From Page to Screen: Roxane Gay Headed to Hollywood!
Plus: Philip Roth, Daphne DuMaurier, and Saoirse Ronan Returns in Another McEwan Joint
Welcome to Literary Hub’s weekly column about all things adaptation. Every Friday—the day films are released in Hollywood tradition—I’ll be bringing you the most recent news about poems, novels, headlines, even tweets headed for TV and film.
1.
Literary Twitter, rejoice! Roxane Gay’s debut novel An Untamed State is heading for the big screen. Gugu Mbatha-Raw (Belle) will star as the Haitian woman kidnapped from her husband and son’s side and held for ransom. Gina Prince-Blythewood, who helmed Love & Basketball and last year’s vastly underrated Beyond the Lights (for which she first worked with Mbatha-Raw), will serve as director, and plans to co-write the screenplay with Gay.
2.
Philip Roth is coming! (Apologies but I really couldn’t resist.) The 83-year-old author, who announced his retirement from writing and debauchery and debauched writing in 2014, may have to make a public appearance or two once the film adaptation of his novel Indignation hits theaters this summer. Logan Lerman (Perks of Being a Wallflower, Percy Jackson) stars as the period piece’s protagonist, a young Jewish boy working at his father’s New Jersey grocery store during the Korean War. Summit Entertainment paid north of $2.5 million for distribution rights after it became a hit at Sundance.
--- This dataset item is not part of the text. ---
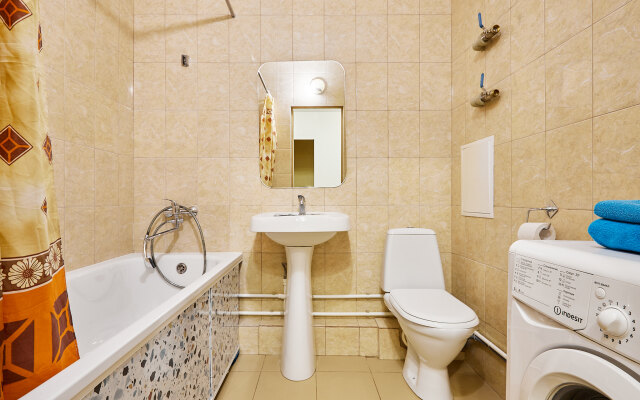 Tsentr Proyezd Repina Flat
The film is James Schamus’s directorial debut and will arrive in theaters on July 29.
3.
The greatest trick Daphne Du Maurier ever pulled was writing stories easily transferred to different periods. Her 1951 book My Cousin Rachel is currently in production at Fox Searchlight, a remake of the original starring Richard Burton, and Olivia de Havilland as the titular Rachel. (The trailer of the 1952 adaptation is very much worth watching.) Philip, an orphan, begins to suspect his beautiful, secretive cousin Rachel is a murderer—as is Du Maurier’s wont. Incidentally, Rachel Weisz will play the titular—and eponymous—character.
4.
This week in cautious optimism: Tracy Letts’s play Superior Donuts is headed to CBS with a fairly solid cast and crew. Jermaine Fowler will star as the chipper employee of a struggling doughnut joint in Chicago; Community stalwarts Neil Goldman and Garret Donovan will serve as showrunners; and television legend James Burrows will helm the pilot. Superior Donuts’s owner Arthur, who resists gentrification and watches old Chicago slip away from him, has yet to be cast. Since this is CBS, the project is a multicamera comedy, which could be cause for concern (see Two Broke Girls, The Big Bang Theory, among others). Fortunately, I’m placing stock in Goldman & Donovan’s partnership, and in the fact that Burrows almost never misses when he shoots, pun unintended.
5.
Is there a law that says Saoirse Ronan must star in adaptations of Ian McEwan’s work? She’s been cast as one-half of the nervous newlyweds in the writer’s novella On Chesil Beach. I remember being infuriated by the book’s excerpt in the New Yorker, for McEwan’s characters so rarely generate empathy in his readers. Here’s hoping the film turns things around. Producers include Number 9 Films, who most recently pulled off the lovely yet subtle Carol.
6.
I’m suspicious of projects that give themselves tidy descriptions. E.g., Coin Heist, which began as an unproduced screenplay, then became a YA novel that’s now become a film, says it’s “The Breakfast Club meets Ocean’s Eleven”. The stars hail from teen TV hits and horror films, so its plot—a motley crew of high schoolers who rob the U.S. Mint—had better impress. Adaptive Studios, the company behind Project Greenlight, published the book in June 2014 under its own banner.
Featured image: still from Indignation.